Dotarliśmy do umocnionego pasu brzegowego obsadzonego po obu stronach oliwnikami. W dali było widać maszt obserwacyjno-meteorologiczny.




Idąc dalej minęliśmy charakterystyczny pomnik (Kopiec Kaszubów). Napis na pokaźnym głazie głosi, że to "Początek Polski".





Przy okazji spaceru na koniec Cypla Helskiego dowiecie się też wiele o dawnych fortyfikacjach wojskowych na tym terenie, który ze względu na swoje strategiczne znaczenie jeszcze całkiem niedawno (w latach 90-tych XX wieku) był objęty zakazem wstępu! 

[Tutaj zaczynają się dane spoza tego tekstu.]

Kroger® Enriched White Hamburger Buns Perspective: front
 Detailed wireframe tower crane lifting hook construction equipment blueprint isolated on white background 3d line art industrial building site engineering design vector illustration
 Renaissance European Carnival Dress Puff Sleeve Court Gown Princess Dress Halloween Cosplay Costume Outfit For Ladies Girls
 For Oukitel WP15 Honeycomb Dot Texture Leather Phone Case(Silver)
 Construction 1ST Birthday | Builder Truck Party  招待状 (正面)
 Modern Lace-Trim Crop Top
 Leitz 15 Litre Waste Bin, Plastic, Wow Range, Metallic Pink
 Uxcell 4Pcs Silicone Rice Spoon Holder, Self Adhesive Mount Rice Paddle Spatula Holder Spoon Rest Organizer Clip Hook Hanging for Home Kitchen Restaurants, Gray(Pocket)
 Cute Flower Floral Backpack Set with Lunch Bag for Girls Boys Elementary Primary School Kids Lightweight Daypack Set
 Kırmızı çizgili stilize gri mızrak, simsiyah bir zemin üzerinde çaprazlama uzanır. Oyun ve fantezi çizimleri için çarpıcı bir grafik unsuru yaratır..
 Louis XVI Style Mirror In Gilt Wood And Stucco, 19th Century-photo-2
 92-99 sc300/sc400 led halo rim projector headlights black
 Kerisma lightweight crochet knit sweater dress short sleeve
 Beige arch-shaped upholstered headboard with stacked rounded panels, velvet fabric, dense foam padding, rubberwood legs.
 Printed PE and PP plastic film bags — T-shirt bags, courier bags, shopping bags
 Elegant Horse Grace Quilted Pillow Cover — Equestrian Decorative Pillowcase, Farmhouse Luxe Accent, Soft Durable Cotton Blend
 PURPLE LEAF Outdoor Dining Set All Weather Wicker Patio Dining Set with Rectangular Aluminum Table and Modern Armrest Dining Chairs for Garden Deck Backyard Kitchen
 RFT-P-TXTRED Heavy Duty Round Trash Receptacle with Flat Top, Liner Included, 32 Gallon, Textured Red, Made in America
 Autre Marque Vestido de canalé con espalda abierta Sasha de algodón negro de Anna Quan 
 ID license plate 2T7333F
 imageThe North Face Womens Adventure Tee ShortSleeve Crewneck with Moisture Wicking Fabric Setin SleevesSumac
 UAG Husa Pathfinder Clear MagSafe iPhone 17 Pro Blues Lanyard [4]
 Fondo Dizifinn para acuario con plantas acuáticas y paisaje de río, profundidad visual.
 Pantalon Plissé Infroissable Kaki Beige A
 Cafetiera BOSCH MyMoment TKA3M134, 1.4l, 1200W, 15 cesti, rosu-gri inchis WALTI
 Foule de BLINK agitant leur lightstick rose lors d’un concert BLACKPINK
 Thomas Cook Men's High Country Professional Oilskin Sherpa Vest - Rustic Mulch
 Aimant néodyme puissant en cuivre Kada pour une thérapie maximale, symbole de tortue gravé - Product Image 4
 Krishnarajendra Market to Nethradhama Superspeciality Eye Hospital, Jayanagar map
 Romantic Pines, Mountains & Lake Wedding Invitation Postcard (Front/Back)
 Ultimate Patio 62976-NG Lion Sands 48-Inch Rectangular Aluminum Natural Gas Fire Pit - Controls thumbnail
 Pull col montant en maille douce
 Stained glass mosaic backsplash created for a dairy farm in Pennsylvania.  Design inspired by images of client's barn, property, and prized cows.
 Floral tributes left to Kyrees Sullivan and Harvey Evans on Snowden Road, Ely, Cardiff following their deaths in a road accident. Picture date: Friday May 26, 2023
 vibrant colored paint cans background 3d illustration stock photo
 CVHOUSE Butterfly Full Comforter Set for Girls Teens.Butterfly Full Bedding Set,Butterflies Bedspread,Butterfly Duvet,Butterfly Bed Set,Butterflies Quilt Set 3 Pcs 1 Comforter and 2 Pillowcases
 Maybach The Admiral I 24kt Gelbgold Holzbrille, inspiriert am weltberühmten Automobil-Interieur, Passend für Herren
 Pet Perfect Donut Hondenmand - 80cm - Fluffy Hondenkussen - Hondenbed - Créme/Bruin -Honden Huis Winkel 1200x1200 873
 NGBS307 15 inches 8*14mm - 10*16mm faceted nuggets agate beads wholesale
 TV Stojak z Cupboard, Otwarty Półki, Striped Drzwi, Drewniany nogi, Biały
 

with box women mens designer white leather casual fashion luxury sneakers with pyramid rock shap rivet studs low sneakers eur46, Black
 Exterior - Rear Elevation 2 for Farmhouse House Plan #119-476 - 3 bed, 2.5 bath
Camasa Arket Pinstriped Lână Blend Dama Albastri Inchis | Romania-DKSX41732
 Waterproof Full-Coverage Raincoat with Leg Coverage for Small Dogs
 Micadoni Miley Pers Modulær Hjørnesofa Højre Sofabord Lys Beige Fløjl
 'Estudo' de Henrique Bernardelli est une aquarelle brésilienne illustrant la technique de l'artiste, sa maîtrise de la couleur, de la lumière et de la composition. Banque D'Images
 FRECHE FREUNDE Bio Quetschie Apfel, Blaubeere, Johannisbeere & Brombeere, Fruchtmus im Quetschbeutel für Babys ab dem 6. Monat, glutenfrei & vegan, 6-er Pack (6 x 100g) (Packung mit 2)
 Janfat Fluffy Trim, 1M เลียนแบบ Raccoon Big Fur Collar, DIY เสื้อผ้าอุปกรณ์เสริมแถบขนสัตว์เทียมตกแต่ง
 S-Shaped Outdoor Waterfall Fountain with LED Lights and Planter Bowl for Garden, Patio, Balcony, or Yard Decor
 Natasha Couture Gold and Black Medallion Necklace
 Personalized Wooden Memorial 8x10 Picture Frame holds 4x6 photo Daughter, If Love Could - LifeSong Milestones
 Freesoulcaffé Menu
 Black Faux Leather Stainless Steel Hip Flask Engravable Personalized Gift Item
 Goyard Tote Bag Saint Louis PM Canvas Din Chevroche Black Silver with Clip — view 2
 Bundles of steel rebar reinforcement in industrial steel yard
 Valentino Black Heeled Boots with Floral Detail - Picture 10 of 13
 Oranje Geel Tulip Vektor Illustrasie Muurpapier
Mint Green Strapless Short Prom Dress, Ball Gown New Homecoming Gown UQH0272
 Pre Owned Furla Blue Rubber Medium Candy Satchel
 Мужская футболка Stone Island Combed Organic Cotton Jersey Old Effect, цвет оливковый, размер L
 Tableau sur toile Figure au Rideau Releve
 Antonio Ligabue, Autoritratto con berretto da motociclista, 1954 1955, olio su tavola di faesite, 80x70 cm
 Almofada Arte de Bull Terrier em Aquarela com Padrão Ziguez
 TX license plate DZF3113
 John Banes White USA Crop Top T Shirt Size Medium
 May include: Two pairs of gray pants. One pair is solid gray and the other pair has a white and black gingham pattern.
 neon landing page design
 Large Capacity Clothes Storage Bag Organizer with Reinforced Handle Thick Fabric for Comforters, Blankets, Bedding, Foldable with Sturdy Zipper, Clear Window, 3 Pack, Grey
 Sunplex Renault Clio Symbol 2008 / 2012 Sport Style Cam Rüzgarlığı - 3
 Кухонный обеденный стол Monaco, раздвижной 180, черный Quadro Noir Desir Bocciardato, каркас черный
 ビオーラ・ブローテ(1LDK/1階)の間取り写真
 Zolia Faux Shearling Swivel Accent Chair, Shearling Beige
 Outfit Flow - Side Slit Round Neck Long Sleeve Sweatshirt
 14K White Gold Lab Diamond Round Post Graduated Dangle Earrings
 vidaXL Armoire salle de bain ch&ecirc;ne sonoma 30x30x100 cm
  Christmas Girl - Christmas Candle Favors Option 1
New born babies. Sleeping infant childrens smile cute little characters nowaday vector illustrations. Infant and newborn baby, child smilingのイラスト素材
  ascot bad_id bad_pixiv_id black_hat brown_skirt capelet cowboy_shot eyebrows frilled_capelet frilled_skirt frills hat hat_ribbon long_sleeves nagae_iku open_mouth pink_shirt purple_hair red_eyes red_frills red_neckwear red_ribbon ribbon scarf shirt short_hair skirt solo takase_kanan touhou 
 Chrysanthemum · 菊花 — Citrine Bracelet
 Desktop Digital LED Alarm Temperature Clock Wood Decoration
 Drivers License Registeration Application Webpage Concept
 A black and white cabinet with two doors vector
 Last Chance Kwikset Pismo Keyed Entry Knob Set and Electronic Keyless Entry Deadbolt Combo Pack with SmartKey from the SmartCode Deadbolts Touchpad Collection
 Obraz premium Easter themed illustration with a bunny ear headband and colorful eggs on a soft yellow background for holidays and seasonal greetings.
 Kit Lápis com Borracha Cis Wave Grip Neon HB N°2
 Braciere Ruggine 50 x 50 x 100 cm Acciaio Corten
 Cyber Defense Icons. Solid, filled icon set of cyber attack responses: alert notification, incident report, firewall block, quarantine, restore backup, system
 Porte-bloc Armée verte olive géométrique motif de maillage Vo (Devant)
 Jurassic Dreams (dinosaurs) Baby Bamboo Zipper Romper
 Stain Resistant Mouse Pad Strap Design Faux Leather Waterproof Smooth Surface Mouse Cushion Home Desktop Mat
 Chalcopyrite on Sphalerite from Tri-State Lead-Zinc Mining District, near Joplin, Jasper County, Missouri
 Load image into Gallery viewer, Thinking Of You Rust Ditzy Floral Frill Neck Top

Następnie pomostami nad wydmami doszliśmy na sam koniec mierzei, wyznaczony przez maszt obserwacyjno-meteorologiczny.





Idąc pomostami czytaliśmy na tablicach informacje o roślinach porastających wydmy, których następnie szukaliśmy wokół. 










Na końcu pomostu doszliśmy do wejścia na plażę. To właśnie nią postanowiliśmy wrócić do portu. Tu piasek był wręcz czarny, więc uważaliśmy aby i nasze buty, stopy nie były także czarne he he.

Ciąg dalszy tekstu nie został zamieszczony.